Why Co-Lending Was Needed?

The co-lending model empowers multiple stakeholders of the lending ecosystem. While NBFCs and HFCs can leverage their strong presence in local markets, commercial banks have the availability of funds for credit disbursal. This becomes even more relevant in the current scenario where many NBFCs are battling against the liquidity crunch.

Another advantage of this partnership is that NBFCs and HFCs have mastered the art of assessing the creditworthiness of certain niche customer segments, which the banks have been ignoring, primarily due to differences in their core target segment and credit risk management approach.

Problem It Solves For Indian Economy

Co-lending effectively solves two related issues of utmost importance—liquidity and systemic stability.

Liquidity- Liquidity means financial institutions capacity to fund the increase in asset and meet its financial obligation on time.

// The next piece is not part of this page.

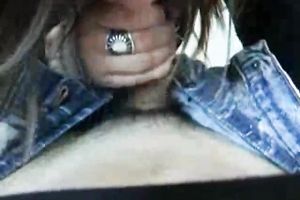 Brunette white girlfriend gives quick head on POV movie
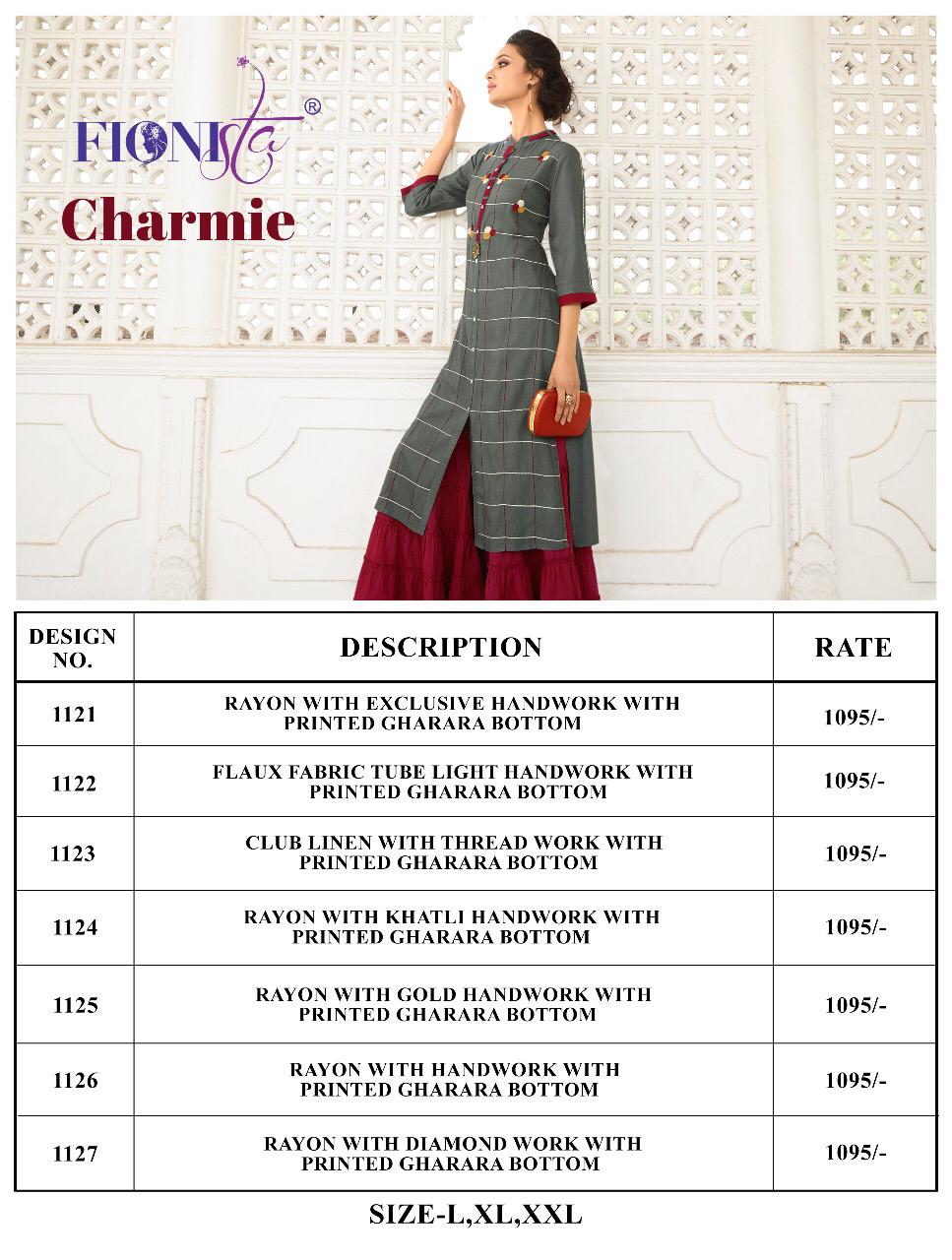 Charmie By Fionista 1121 To 1127 Series Beautiful Stylish Fancy Colorful Designer Party Wear & Ethnic Wear & Ready To Wear Rayon Embroidered Kurtis With Bottoms At Wholesale Price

On the this front, co-lending acknowledges that any meaningful expansion of credit has to come from the banking system at the back end. 60 percent of the country’s liquidity reserves reside within the public sector banks (PSB) system alone. New-age lenders must tap into this liquidity to scale.

Co-lending offers a framework for implementing the partnership, which could over time evolve into a set of standards that eliminate the typical friction in lender-bank partnerships.

Systemic stability- It means the ability of the financial system to consistently supply the credit intermediation and payment services that are needed in the real economy if it is to continue on its growth path. Systemic stability is where co-lending truly scores as a model.

As a partnership between two—regulated entities, i.e. a bank and an NBFC, it ensures a high degree of standardisation, compliance, fiduciary care, and customer protection. Borrowers are underwritten not once, but twice and by two different entities, and risk governance is a mutually reinforced exercise with adequate checks and balances.

Co-lending also functions as a superior form of market-making for debt asset generation, with mandatory skin-in-the-game for the originator and risk-sharing through the 80:20 mechanism as per RBI guideline.

What Is Leading To The Popularity of Co-lending Method Globally?

Higher Reach & Faster Turnaround

Co-lending not only allows traditional banks to reach emerging markets and previously non-banked sectors through NBFCs, but it also allows them to churn more applications and disburse more loans thereby improving margins by employing automation and tools like decisioning and alternative credit scoring that reduce underwriting costs and time, substantially.

Increased Access to Fund

NBFCs act as a bridge between the previously unbanked population and traditional banks by providing easy access to credit for individuals and small businesses who did not have any credit rating earlier. While traditional banks fund 80% of the sanctioned loan amount, NBFC’s fund the remaining 20%.

Reduced cost of lending

The ability to automate the loan origination process has helped banks and NBFCs pass on the cost-benefit in the form of lowered interest rates. This means they can capture larger markets, gain more market share, process, and disburse more loans thereby pumping in more credit through the economy.

Sharing of Risk & Return

Collaboration would not only mean improvement of lending strategies and development of technology, but it would include sharing of different forms of risks and returns between the banks and NBFC.